With Calagione’s leadership, Dogfish Head brewery and its stable of unique and off-center, beers have become renowned around the world, including St. Louis. But if you were a Dogfish Head fan living here, you would be hard pressed to find any around. Those days are over.
This week, Calagione arrived in St. Louis to kick off his summer project, “The Ale Trail” a 12 city, beer drinking excursion across the country to celebrate the release of three brews, all to be enjoyed out of a can. For the first time ever, Dogfish Head is bringing the brew nearly 1,000 miles across the Midwest for St. Louis craft beer lovers to enjoy.
“Dogfish Head has always been different – not by choice, but by nature,” said Calagione, just before a release party on top of the Moonrise Hotel in University City. “When we brew beer, we aren’t just using the freshest ingredients, but pulling ingredients and inspiration from the most remarkable and ‘off-centered’ places on earth. The Ale Trail gives the people of St. Louis the space to explore that uniqueness right in their own city.”

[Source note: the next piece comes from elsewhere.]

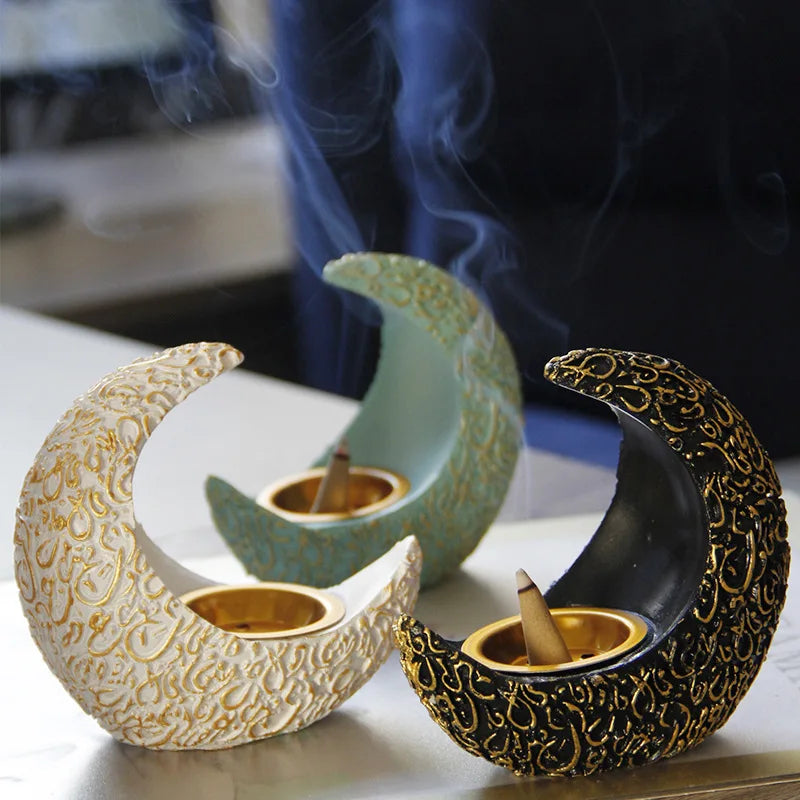 A set of antique crescent resin incense burners in cream and gold colors resting on a white surface.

“St. Louis is one of the true American beer drinking cities. And we have lots of friends here. I grew up in the industry with Dan Kopman formally of Schlafly’s and Tom Schlafly as well, the guys from Urban Chestnut and lot of great breweries in this state. But it’s also altruistic and supportive of the while craft movement. St. Louis folks like to try an explore new and interesting beers, so we’re super excited to be here.”
Dogfish Head’s long-awaited arrival brings three remarkably different beers which you can now find all across St. Louis.

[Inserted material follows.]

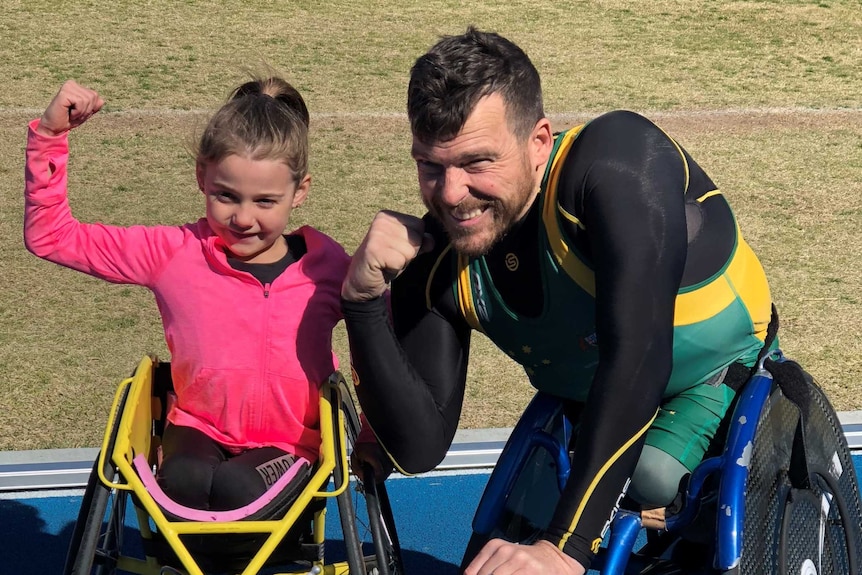 Brydi Saul and Kurt Fearnley flex their muscles while sitting in their race chairs.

SeaQuench Ale: This refreshing session sour is brewed with lime peel, black lime and sea salt. Dogfish Head partnered with the National Aquarium to source the right blend of sea salt; replicated from Maine and the Chesapeake Bay.
Calagione recently said, “SeaQuench Ale, is the result of more than two years of research, with the goal to make it “the most objectively thirst-quenching beer” we’ve ever produced. It also has only 9 carbs.
Video: What is SeaQuench
60-Minute IPA: The most popular Dogfish Head brew in St. Louis, the 60-Minute IPA has more than 60 hops continuously added over a 60-minute boil. This powerful yet balanced East Coast blend has a lot of citrusy hop character.

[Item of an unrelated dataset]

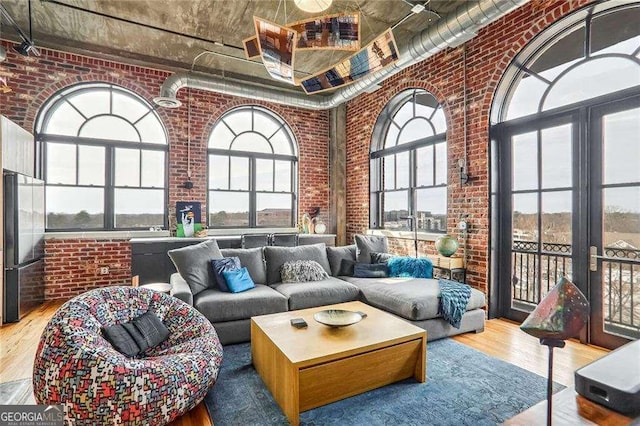 living room with wood finished floors, a high ceiling, and brick wall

Flesh & Blood IPA: Beginning with real citrus, including blood orange juice and lemon flesh, this simple, pure and unadulterated fruit was slowly incorporated with the perfect combination of hops to give a rich, unique flavor.
Calagione’s approach to beer and his immense support of the craft industry is why craft beer fans are fans of his. He recently spoke up on a controversial issue that hit home for many in St. Louis. Recently Anheuser Busch-InBev and its subsidiaries have been acquiring more craft beer related properties ranging from breweries to hop farms. In June, Calagione spoke up about big beer’s marketing of beer made by craft brewers they’ve acquired as well as ZX Venture’s purchase of a portion of the beer website RateBeer.com. He called it “a blatant conflict of interest and requested the site remove all Dogfish Head beer reviews and mentions immediately.
“First off, there are a lot of talented and excellent people and brewers making good beers and working at AB-Inbev, but from my perspective, I started to see a growing trend and better opportunity for a call to action for more transparency on issues of authenticity, they could really put who owns the beers on the bottles and cans and where they’re really made but they’re still marketed as if they’re coming from these small, regional breweries. So for us it was not a question of quality, frankly, we believe consumer deserves to know who make the beers that they’re drinking.”
Controversy aside, Calagione’s visit to St. Louis was about fun and good beer. His beer is stellar, balanced, delicious, consistent and hopefully, the St. Louis market will see more Dogfish Head beers coming to town.